Julia estaba sentada en silencio junto a un árbol en el jardín, con el corazón lleno de confusión. Las imágenes de aquel día se repetían una y otra vez en su mente: su madre, Begoña, sujetando la mano de otro hombre en un momento lleno de intimidad. El frágil corazón de Julia parecía romperse en mil pedazos. No podía aceptar lo que había visto.

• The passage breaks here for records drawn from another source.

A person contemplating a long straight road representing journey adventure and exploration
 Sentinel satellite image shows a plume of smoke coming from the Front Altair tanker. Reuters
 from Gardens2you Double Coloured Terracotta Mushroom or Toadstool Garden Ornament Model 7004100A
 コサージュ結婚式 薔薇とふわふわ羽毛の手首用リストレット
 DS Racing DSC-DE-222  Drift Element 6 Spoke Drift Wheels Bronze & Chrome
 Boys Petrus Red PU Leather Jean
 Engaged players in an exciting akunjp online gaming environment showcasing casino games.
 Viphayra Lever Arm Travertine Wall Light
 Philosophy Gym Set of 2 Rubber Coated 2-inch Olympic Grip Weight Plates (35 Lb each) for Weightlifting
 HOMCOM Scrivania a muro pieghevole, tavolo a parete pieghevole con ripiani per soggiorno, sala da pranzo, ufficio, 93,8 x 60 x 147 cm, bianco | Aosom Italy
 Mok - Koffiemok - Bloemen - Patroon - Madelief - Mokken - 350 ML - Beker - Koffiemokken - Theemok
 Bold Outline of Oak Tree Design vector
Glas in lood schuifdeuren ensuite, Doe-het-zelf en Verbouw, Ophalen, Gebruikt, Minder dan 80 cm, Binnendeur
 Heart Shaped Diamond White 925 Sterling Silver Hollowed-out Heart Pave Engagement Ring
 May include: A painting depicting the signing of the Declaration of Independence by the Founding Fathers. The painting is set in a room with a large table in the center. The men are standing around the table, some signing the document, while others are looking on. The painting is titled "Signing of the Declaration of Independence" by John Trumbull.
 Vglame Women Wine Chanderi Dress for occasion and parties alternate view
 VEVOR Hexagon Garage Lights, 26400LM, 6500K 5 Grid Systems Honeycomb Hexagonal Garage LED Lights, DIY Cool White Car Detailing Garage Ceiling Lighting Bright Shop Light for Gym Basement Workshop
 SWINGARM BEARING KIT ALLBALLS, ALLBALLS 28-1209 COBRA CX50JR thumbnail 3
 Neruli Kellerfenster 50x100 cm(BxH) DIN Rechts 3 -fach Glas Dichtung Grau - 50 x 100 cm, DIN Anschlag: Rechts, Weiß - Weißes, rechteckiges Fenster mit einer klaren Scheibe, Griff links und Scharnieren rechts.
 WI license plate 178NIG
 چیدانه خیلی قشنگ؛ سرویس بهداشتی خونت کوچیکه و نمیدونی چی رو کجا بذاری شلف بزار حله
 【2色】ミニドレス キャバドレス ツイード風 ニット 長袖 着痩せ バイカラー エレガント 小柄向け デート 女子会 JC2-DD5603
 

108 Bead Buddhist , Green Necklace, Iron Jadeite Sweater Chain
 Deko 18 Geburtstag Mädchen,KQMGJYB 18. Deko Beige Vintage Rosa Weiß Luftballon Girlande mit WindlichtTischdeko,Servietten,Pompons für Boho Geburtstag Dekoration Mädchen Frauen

“¡No quiero verte más, mamá!” Julia había gritado en la cocina ese día, su voz rasgando el aire. Digna, la abuela de Julia, la había llevado a un rincón, dejando a Begoña sentada con la mirada vacía. Después de que Julia se marchó, Digna regresó y se sentó junto a Begoña. “Ella necesita tiempo, Begoña,” le dijo Digna con tono suave. “Cometiste un error, pero eso no borra el hecho de que eres su madre. Sé paciente y no te rindas.”
Una semana después, Julia entró en la habitación de su madre, viendo a Begoña sentada en una silla, cosiendo en silencio. “Mamá…” Dijo la niña, su voz temblorosa. “¿Te arrepientes?” Begoña asintió, con los ojos enrojecidos. “Me arrepiento, más que cualquier otra cosa.” Julia no dijo nada más, pero se acercó y, por primera vez en semanas, se sentó junto a su madre. Digna observaba desde lejos, sonriendo aliviada. La semilla del perdón había sido sembrada. Con el tiempo, las heridas en el corazón de Julia comenzaron a sanar. Begoña no dejó de mostrar su amor por su hija. Cocinaba los platillos que a Julia le gustaban, le contaba cuentos antes de dormir y siempre dedicaba tiempo para escuchar sus pensamientos y sentimientos.